REQUIRED ACTION: Whatever pictures appear, omit them, and repeat the data below exactly.

DATASET EXCERPT:
________

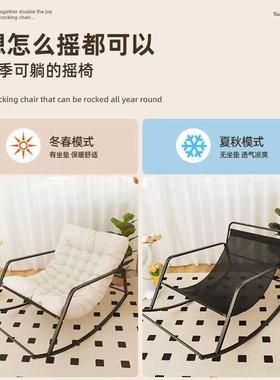 懒摇椅摇摇ZG-72908靠椅躺椅人休大发家家用人阳台夏天午休睡椅双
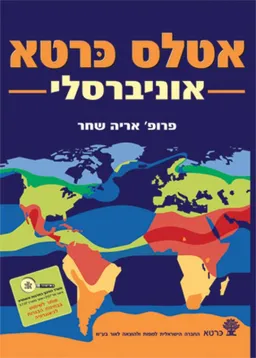 אטלס כרטא אוניברסלי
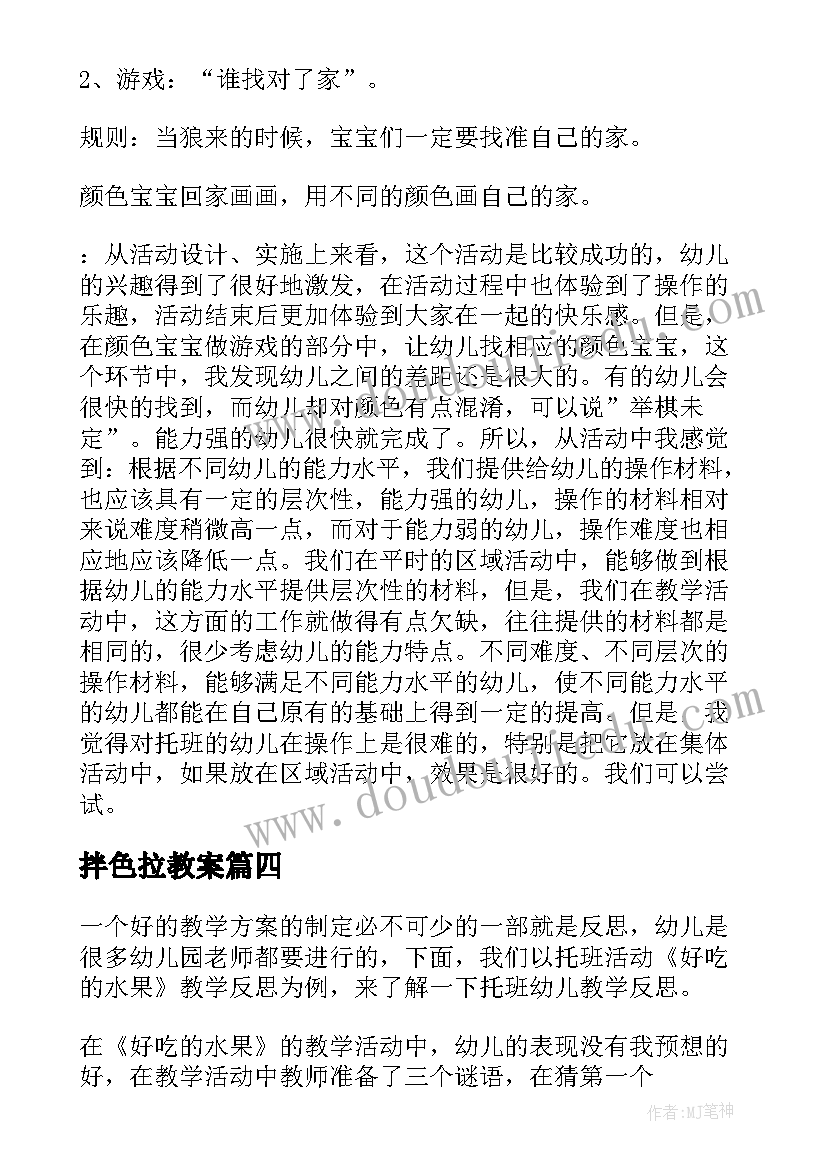 拌色拉教案 托班教学反思(大全5篇)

________

WRITTEN RESPONSE:
 懒摇椅摇摇ZG-72908靠椅躺椅人休大发家家用人阳台夏天午休睡椅双
 אטלס כרטא אוניברסלי
 拌色拉教案 托班教学反思(大全5篇)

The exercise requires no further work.